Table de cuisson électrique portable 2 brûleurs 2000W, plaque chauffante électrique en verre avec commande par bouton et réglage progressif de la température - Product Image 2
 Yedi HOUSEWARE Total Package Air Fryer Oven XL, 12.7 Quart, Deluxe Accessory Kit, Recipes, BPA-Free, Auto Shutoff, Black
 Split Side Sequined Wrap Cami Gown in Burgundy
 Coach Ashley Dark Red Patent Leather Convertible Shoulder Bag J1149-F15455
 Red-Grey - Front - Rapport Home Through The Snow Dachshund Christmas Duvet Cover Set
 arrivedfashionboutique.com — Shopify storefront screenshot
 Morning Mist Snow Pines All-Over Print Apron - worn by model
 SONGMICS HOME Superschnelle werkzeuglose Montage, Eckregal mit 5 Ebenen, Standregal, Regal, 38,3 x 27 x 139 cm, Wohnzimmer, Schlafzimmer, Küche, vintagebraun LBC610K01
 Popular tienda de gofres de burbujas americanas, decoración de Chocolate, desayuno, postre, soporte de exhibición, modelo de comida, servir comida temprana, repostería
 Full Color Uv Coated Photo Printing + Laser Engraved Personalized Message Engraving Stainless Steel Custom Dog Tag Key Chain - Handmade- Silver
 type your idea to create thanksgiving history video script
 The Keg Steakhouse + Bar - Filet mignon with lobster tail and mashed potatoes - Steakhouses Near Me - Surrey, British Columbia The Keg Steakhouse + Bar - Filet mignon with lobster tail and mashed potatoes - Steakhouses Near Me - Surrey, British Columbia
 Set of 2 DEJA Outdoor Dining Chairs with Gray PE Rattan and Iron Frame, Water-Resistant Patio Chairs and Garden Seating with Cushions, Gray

────────────────────────────────────────

Task directions
Please make an exact copy of the lines from the one holding "Yedi HOUSEWARE Total" through the final line of the records above, nothing more.

Result of this exercise
 Yedi HOUSEWARE Total Package Air Fryer Oven XL, 12.7 Quart, Deluxe Accessory Kit, Recipes, BPA-Free, Auto Shutoff, Black
 Split Side Sequined Wrap Cami Gown in Burgundy
 Coach Ashley Dark Red Patent Leather Convertible Shoulder Bag J1149-F15455
 Red-Grey - Front - Rapport Home Through The Snow Dachshund Christmas Duvet Cover Set
 arrivedfashionboutique.com — Shopify storefront screenshot
 Morning Mist Snow Pines All-Over Print Apron - worn by model
 SONGMICS HOME Superschnelle werkzeuglose Montage, Eckregal mit 5 Ebenen, Standregal, Regal, 38,3 x 27 x 139 cm, Wohnzimmer, Schlafzimmer, Küche, vintagebraun LBC610K01
 Popular tienda de gofres de burbujas americanas, decoración de Chocolate, desayuno, postre, soporte de exhibición, modelo de comida, servir comida temprana, repostería
 Full Color Uv Coated Photo Printing + Laser Engraved Personalized Message Engraving Stainless Steel Custom Dog Tag Key Chain - Handmade- Silver
 type your idea to create thanksgiving history video script
 The Keg Steakhouse + Bar - Filet mignon with lobster tail and mashed potatoes - Steakhouses Near Me - Surrey, British Columbia The Keg Steakhouse + Bar - Filet mignon with lobster tail and mashed potatoes - Steakhouses Near Me - Surrey, British Columbia
 Set of 2 DEJA Outdoor Dining Chairs with Gray PE Rattan and Iron Frame, Water-Resistant Patio Chairs and Garden Seating with Cushions, Gray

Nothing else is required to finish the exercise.